Analysis of the results obtained by the Topmer CoMFA model shows that the mean coefficient of the steric and electrostatic fields of the hydrogen atom depends on fragments such as the mean coefficients of orders of 0.13, 0.09, 0.44 and 0.41 respectively corresponding to the fragments follow R1, R2, R3, and R4. In this case, the steric clutter between the two adjacent fragments R3 and R4. This also causes to restrict the torsion of the common pyrazine structure. In addition, the comparison of the different substituents in the same fragment R2 revealed that the olfactory threshold of molecules that contains the oxygen atom is smaller than those that contain the sulfur. Their mean steric and electrostatic coefficients were in the order of 2.91, 2.15, 1.14 for substituents -SCH₃, -SC₂H₅, and -SC₆H₅ and 3.19, 2.30, 1.30 for substitutions –OCH₃, -OC₂H₅, -OC₆H₅ respectively. These results are in agreement with those obtained by the CoMSIA/SEH model whereas the oxygen atom more electronegative than sulfur. Although, the mean coefficients of the oxygen atom larger than the sulfur atom, for this the olfactory threshold of molecules that contains the oxygen atom smaller than the substitution that contains the sulfur atom.

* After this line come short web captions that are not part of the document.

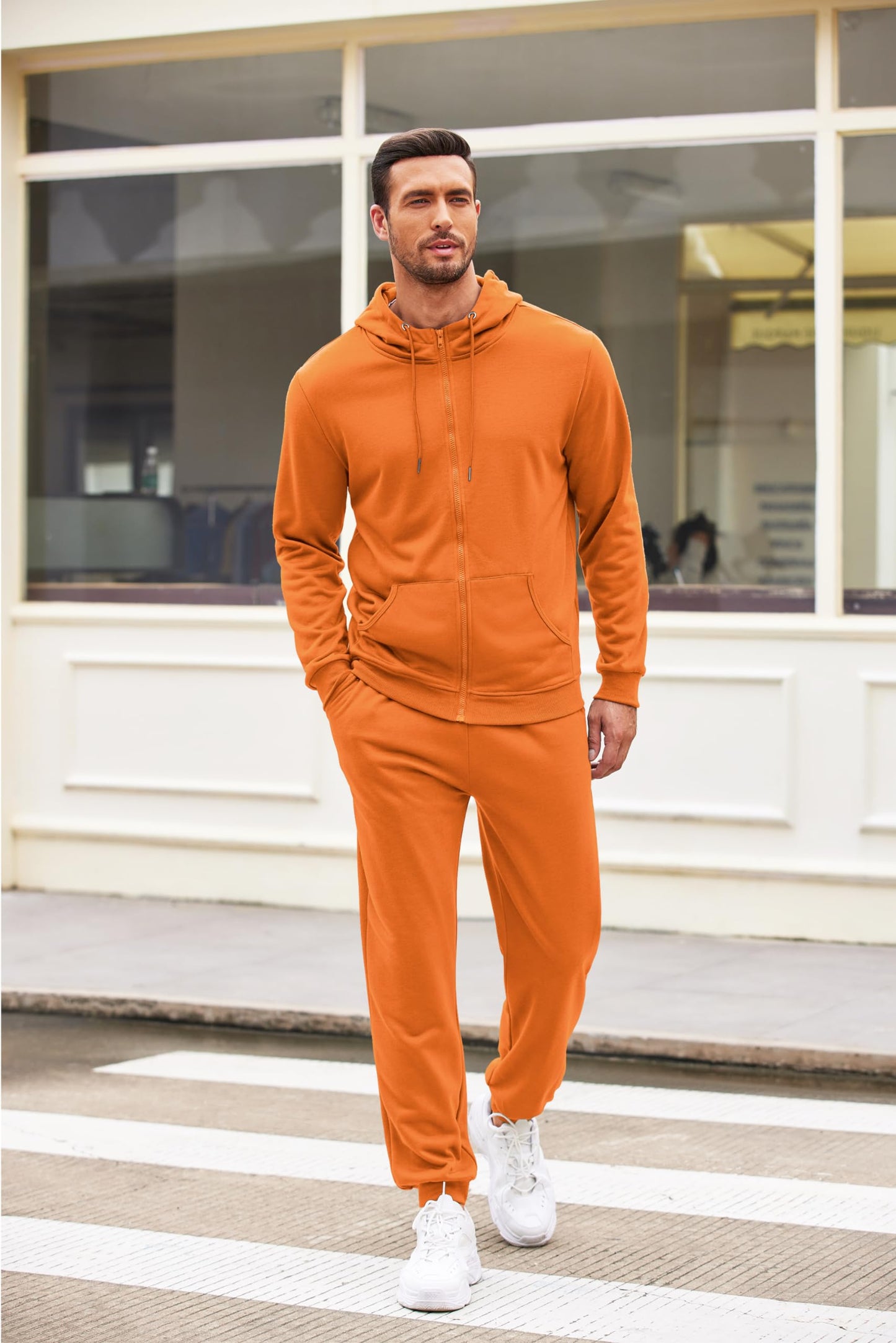 COOFANDY Sweatsuits for Men 2 Piece tracksuit Sets Full Zip Hoodie Sweatpants for Men Casual Sports Jogging Suits S-4XL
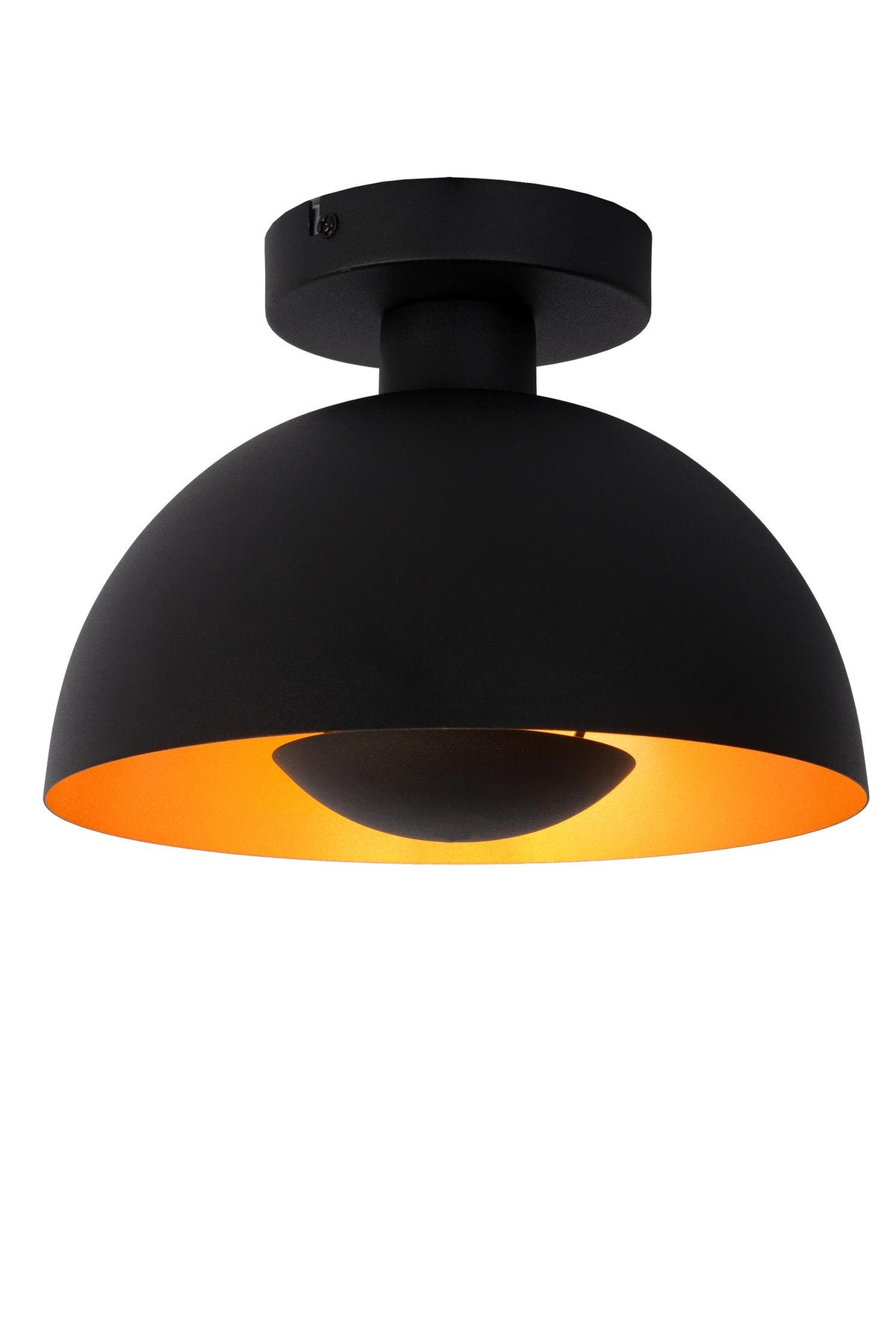 Lucide SIEMON plafondlamp Ø 25 cm, E27, zwart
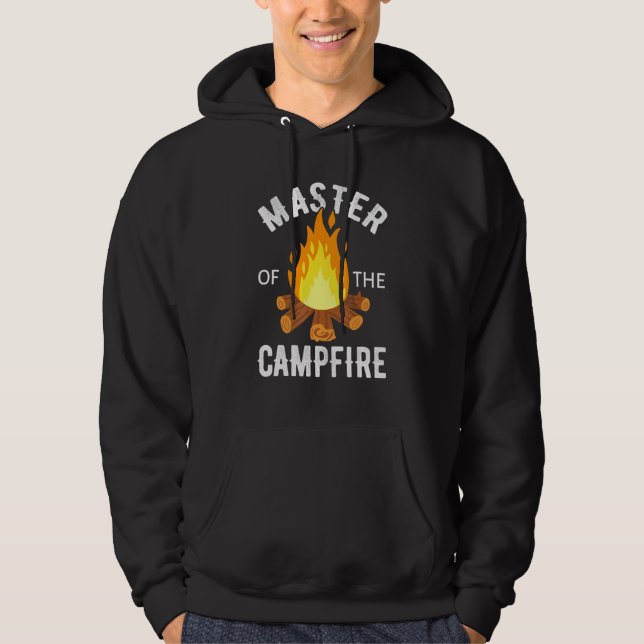 Master of the Campfire Camping Adventure Fun Campe Hoodie (Vorderseite)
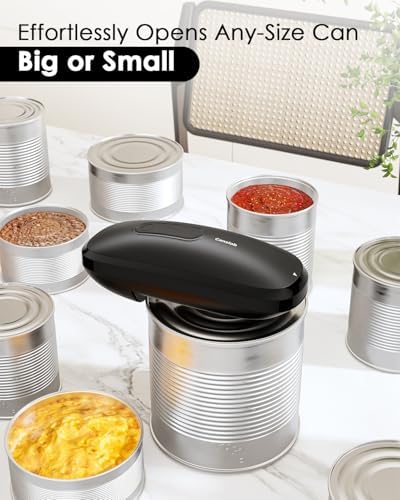 Canslab Core Electric Can Opener_One Touch Auto Stop, 4 AA Battery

By comparing the predicted values and the experimental, we can see that this model produces excellent results; we will apply this model to further research, and we will show the correlation between the experimental and calculated values in the Fig 12.

correlation of experimental and predicted values of the Topomer ComFA model and their residues.

3.4.1

3.4.1 Topomer CoMFA contour map analysis

The molecule M65 was chosen to display the contribution of the steric and electrostatic fields represented in Fig. 13.

Contour Map Analysis of the Topomer CoMFA Model (A, B, C, and D correspond to the electrostatic fields R1, R2, R3, and R4, respectively) and (E, F, G, and H correspond to the Electrostatic field R1, R2, R3, and R4 respectively).

The generation of contour maps obtained by the Topomer CoMFA model is based on the R1, R2, R3, and R4 fragments, the Topomer CoMFA model shows that it is a significant detection model, Fig 13 represents the contour maps generated around each fragment.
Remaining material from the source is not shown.